DIRECTIONS FOR THIS TASK: For the records below, copy exactly the span that begins at the line containing "Apartments Mirjana" and stops after the line containing "Ανδρικό τζιν παντελόνι", minus any pictures.

SUPPLIED MATERIAL:
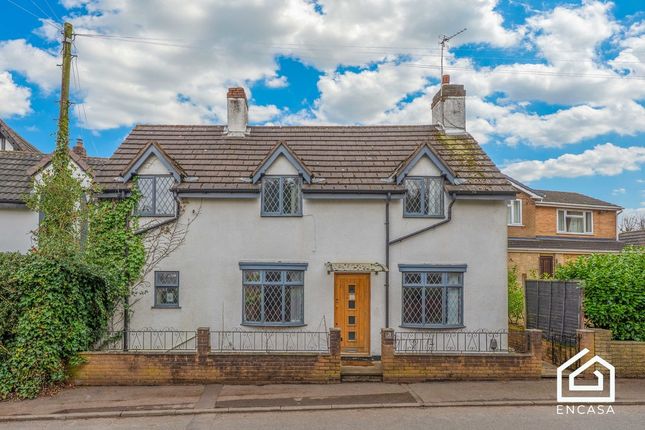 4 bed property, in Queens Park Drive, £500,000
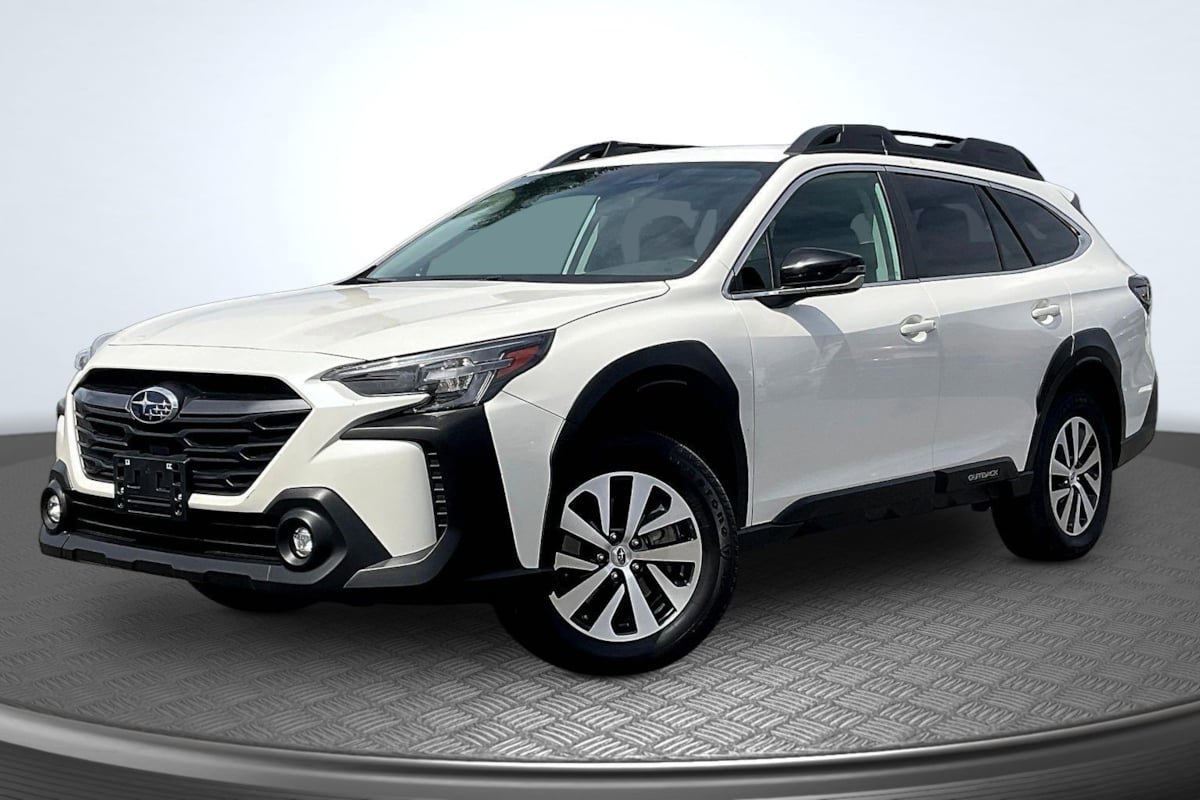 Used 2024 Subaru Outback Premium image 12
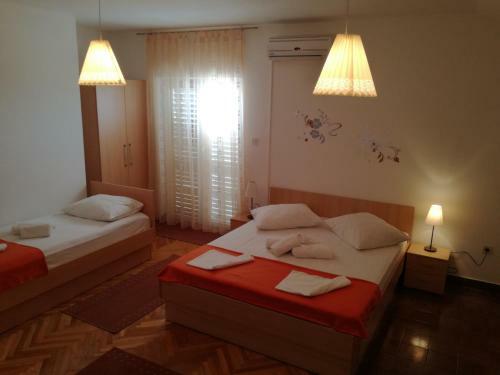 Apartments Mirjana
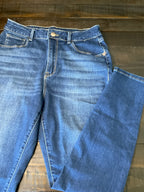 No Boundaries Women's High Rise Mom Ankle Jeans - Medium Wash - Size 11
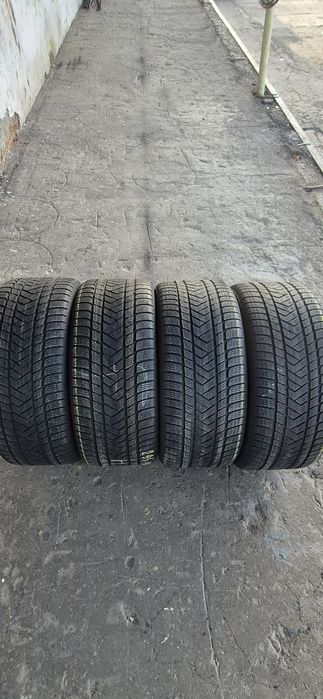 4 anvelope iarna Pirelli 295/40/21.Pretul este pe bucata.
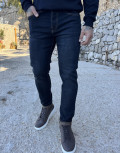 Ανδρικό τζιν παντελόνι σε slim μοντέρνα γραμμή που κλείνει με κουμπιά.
...
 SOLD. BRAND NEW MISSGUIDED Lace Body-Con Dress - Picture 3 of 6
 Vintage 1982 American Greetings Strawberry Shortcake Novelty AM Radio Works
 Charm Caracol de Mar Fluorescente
--
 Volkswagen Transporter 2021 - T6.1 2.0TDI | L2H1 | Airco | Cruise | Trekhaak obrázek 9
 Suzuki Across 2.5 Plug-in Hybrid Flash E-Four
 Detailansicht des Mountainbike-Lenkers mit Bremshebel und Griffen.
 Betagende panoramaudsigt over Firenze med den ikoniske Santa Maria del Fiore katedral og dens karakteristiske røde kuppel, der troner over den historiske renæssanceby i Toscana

OUTPUT:
 Apartments Mirjana
 No Boundaries Women's High Rise Mom Ankle Jeans - Medium Wash - Size 11
 4 anvelope iarna Pirelli 295/40/21.Pretul este pe bucata.
 Ανδρικό τζιν παντελόνι σε slim μοντέρνα γραμμή που κλείνει με κουμπιά.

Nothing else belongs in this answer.